Parameter Optimization
This module provides tools for optimizing trend labelling parameters.
Optimizer
- class tstrends.optimization.Optimizer(returns_estimator, initial_points=10, nb_iter=1000, random_state=None)[source]
Bayesian optimization for trend labelling parameters.
This class implements Bayesian optimization to find the optimal parameters for trend labelling algorithms. It uses the returns from a returns estimator as the objective function to maximize.
- Parameters:
returns_estimator (BaseReturnEstimator)
initial_points (int)
nb_iter (int)
- returns_estimator
The returns estimator instance to use.
- Type:
Example
>>> from returns_estimation import SimpleReturnEstimator >>> optimizer = Optimizer(SimpleReturnEstimator(), initial_points=5, nb_iter=100) >>> result = optimizer.optimize(BinaryCTL, prices) >>> print(result['params']) # {'omega': 0.005}
Note
The optimization process uses Bayesian optimization with Gaussian processes, which is particularly effective for expensive-to-evaluate objective functions with a small number of parameters.
- get_optimizer()[source]
Get the underlying BayesianOptimization object if you need access to the full optimization history.
- Returns:
The optimizer instance with optimization results.
- Return type:
BayesianOptimization
- Raises:
ValueError – If optimize() hasn’t been called yet.
- optimize(labeller_class, time_series_list, bounds=None, acquisition_function=None, verbose=0)[source]
Optimize the trend labelling parameters.
- Parameters:
labeller_class (type[BaseLabeller]) – The trend labeller class to optimize.
time_series_list (list[float] | list[list[float]]) – Either a single time series list or a list of time series lists to optimize the trend labelling parameters on.
bounds (dict[str, tuple[float, float]] | None, optional) – The bounds of the parameters to optimize.

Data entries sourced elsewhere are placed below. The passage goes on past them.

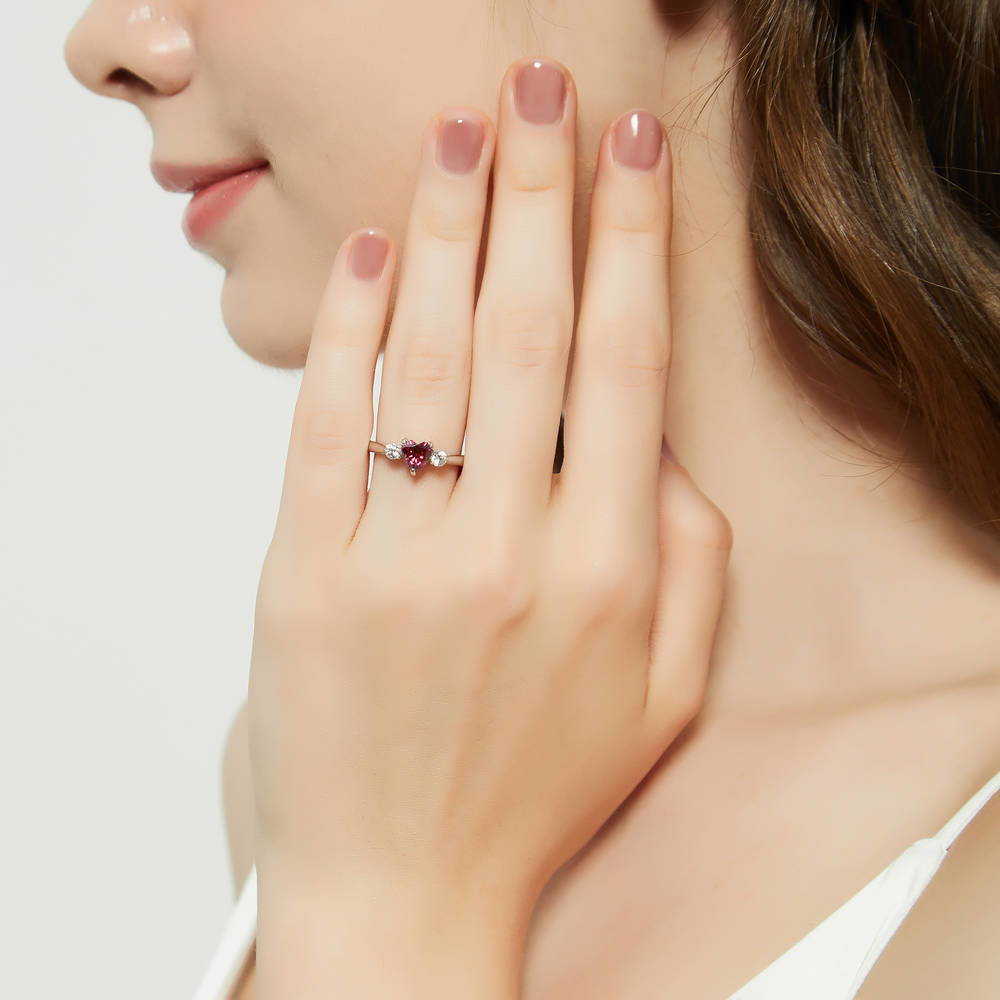 Model wearing 3-Stone Heart Red CZ Ring in Sterling Silver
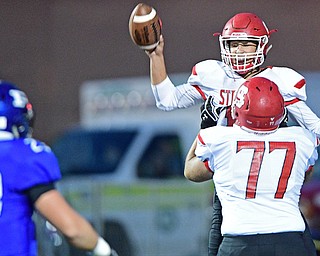 POLAND, OHIO - SEPTEMBER 30, 2016: AJ Musolino #18 of Struthers is held up by Adam Sedzmak #77 after scoring a rushing touchdown during the first half of their game Friday night at Poland High School. DAVID DERMER | THE VINDICATOR..Alec Catsoules #23 of Poland pictured.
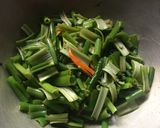 A picture of step 2 of Onion Flower Stalks dry Curry.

If not provided, the bounds will be the default bounds. Defaults to None.
acquisition_function (acquisition.AcquisitionFunction | None, optional) – The acquisition function to use. If not provided, the default acquisition function UpperConfidenceBound(kappa=2) will be used.
verbose (int | None, optional) – Verbosity level for optimization output. Defaults to 0.
- Returns:
- A dictionary containing:
’params’: Dictionary of optimal parameters
’target’: The maximum target value achieved
- Return type:
OptimizationBounds
- class tstrends.optimization.OptimizationBounds[source]
Class to provide default bounds for optimization parameters.
This class provides a centralized way to get the default parameter bounds for different trend labeller implementations. These bounds are used in the optimization process to constrain the search space.
- implemented_labellers
List of supported labeller classes.
- Type:
list[Type[BaseLabeller]]
Example
>>> bounds = OptimizationBounds() >>> binary_bounds = bounds.get_bounds(BinaryCTL) >>> print(binary_bounds) # {'omega': (0.0, 0.01)}
Note
The bounds are carefully chosen based on empirical testing and the theoretical constraints of each labeller implementation.
- implemented_labellers: list[type[BaseLabeller]] = [<class 'tstrends.trend_labelling.binary_CTL.BinaryCTL'>, <class 'tstrends.trend_labelling.ternary_CTL.TernaryCTL'>, <class 'tstrends.trend_labelling.oracle_labeller.OracleBinaryTrendLabeller'>, <class 'tstrends.trend_labelling.oracle_labeller.OracleTernaryTrendLabeller'>]
- get_bounds(labeller_class)[source]
Get the default bounds for a given labeller class.
- Parameters:
labeller_class (type[BaseLabeller]) – The labeller class to get bounds for.
- Returns:
A dictionary mapping parameter names to their bounds.
- Return type:
- Raises:
ValueError – If the labeller class is not supported.